Recent filings also address proxy and governance disclosure, shareholder voting matters, board and committee composition, director independence, executive appointments and separation arrangements, material agreements, capital-structure disclosure for common stock, and the termination of a previously disclosed merger agreement.
STAAR Surgical Company is asking shareholders to vote at its virtual 2026 annual meeting on June 18, 2026. The proxy seeks approval to elect seven directors, add 3.9 million shares to its Omnibus Equity Incentive Plan, ratify BDO USA as auditor, and approve executive pay on an advisory basis.
The filing details significant recent changes, including termination of an all-cash merger agreement with Alcon, a cooperation agreement with major shareholder Broadwood, board refreshment that added three investor‑aligned directors, and the appointment of interim Co‑CEOs Warren Foust and Deborah Andrews. It also outlines 2026 strategic priorities around expanding EVO lens access, improving profitability through cost and supply‑chain actions, and accelerating innovation, alongside pay‑for‑performance changes such as a 50% PSU / 50% RSU long‑term incentive mix and a redesigned bonus plan funded at 140% for 2025.

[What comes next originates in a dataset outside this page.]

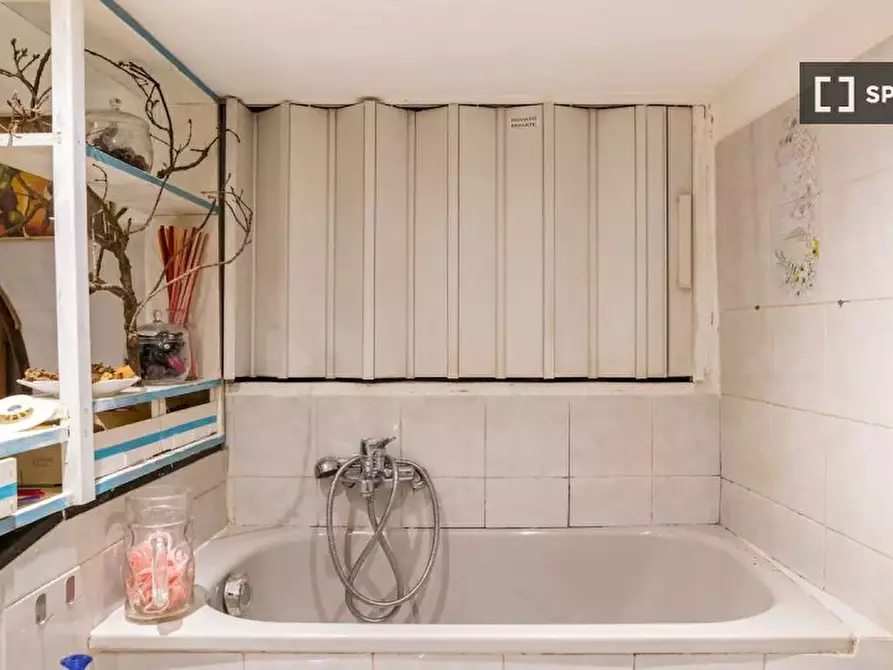 Immagine 12 di Camera condivisa in affitto  in Vico delle Scuole Pie a Genova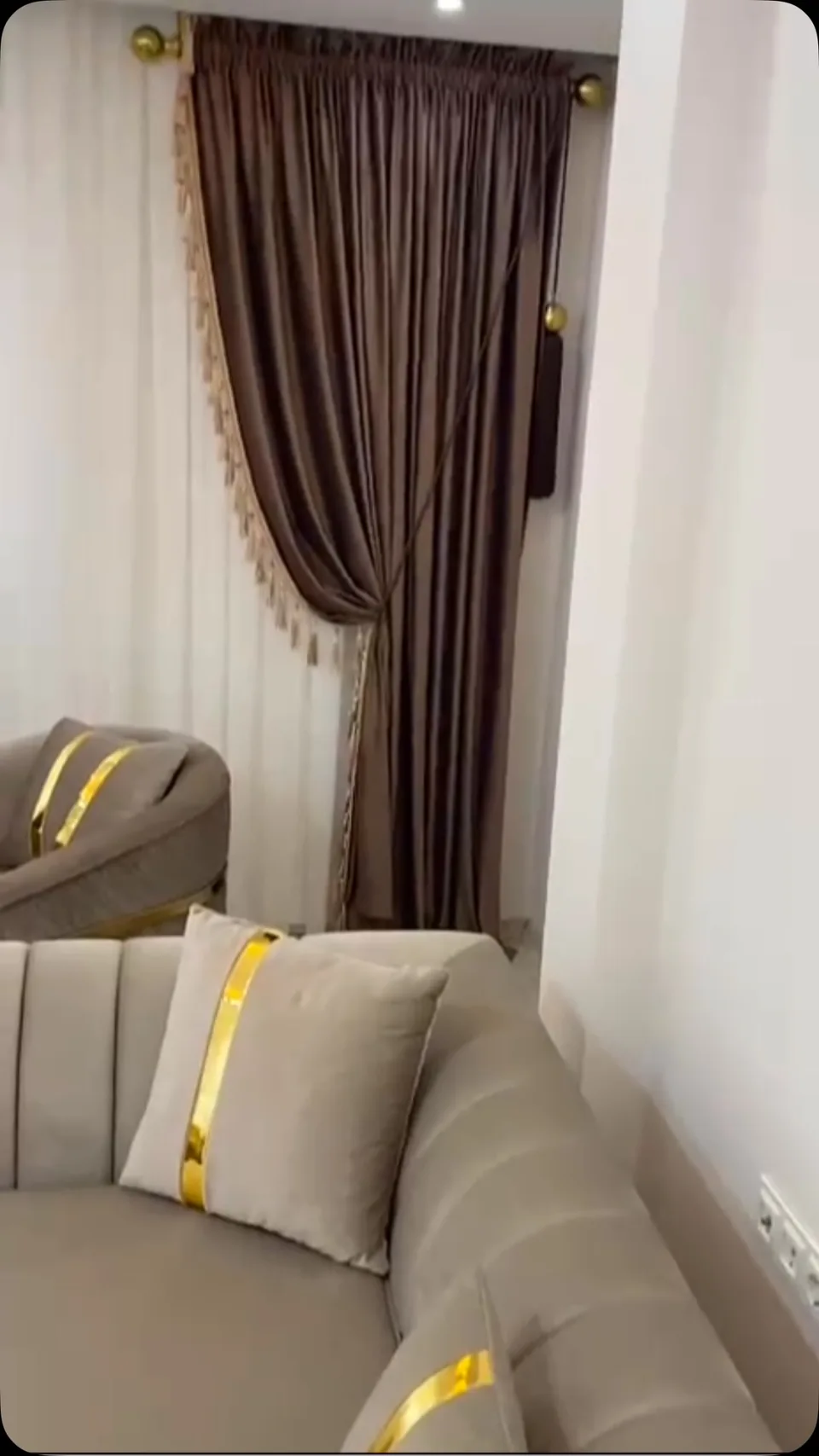 Salon için tül ve fon perde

BlackRock, Inc. amended a Schedule 13G to report beneficial ownership of 6,507,911 shares of STAAR SURGICAL CO common stock, representing 13.1% of the class as of 03/31/2026.
The filing attributes 6,453,653 shares of sole voting power and lists iShares Core S&P Small-Cap ETF as a holder with more than 5% interest in the issuer’s common stock. The amendment is signed by a Managing Director on 04/24/2026.
Madison Avenue group reports beneficial ownership of 2,854,710 shares of STAAR SURGICAL common stock as of April 20, 2026. The filing states this equals approximately 5.8% of the outstanding common stock based on 49,512,749 shares outstanding as of February 27, 2026. The Schedule 13G lists Madison Avenue International LP and affiliated entities and individuals (including Eli Samaha) as reporting persons with shared voting and dispositive power over the 2,854,710 shares.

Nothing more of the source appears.